Si Esther Mamarbachi et Darius Rochebin étaient bâillonnés ? Interroge l'association Reporters sans frontières à l'occasion de la journée de la liberté de la presse.
Et bien si Esther Mamarbachi et Darius Rochebin étaient bâillonnés, la liberté de la presse ne s'en porterait que mieux, la démocratie ne subirait plus ces distorsions continuelles du fait d'allégations inexactes ou de mensonges politiques assumés(1), et jamais corrigés, propagés par le premier relais d'une alliance, d'un consensus, qui a décidé de s'en prendre à la démocratie directe depuis que celle-ci ne lui obéit plus.

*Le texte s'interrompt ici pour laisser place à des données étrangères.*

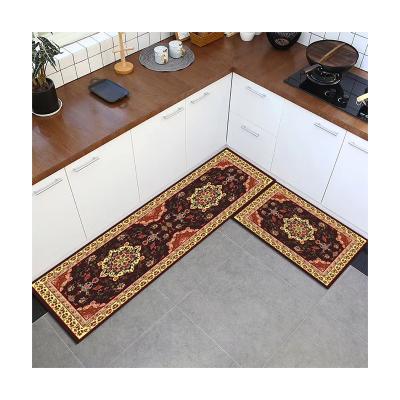 China Washable Europe Floor Cover 3d Digital Printing Mat Custom Design Door Mats Kitchen Mat for sale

Il faudrait voir à ne pas confondre reporters et commissaires politiques, RSF ne semble pas avoir assimilé le fait qu'en Suisse, l'organe pour lequel travaillent Esther Mamarbachi et Darius Rochebin peut vous dépêcher une patrouille de police à domicile à 5 heures du matin pour vérifier vos installations et vous infliger de lourdes amendes si vous n'avez pas jugé bon de considérer que la connexion internet que vous utilisez à des fins pratiques ou professionnelles vous rendait éligible pour participer au financement d'un média d'Etat dont vous ne souhaitez pas consommer les productions frauduleuses. Sans même parler du fait qu'ils vont étendre, à l'instigation du parti socialiste, le système à l'entier de la population, qu'elle le veuille ou non, et que si vous ne payez pas, vous irez aux poursuites, voire en prison, et ça c'est vrai.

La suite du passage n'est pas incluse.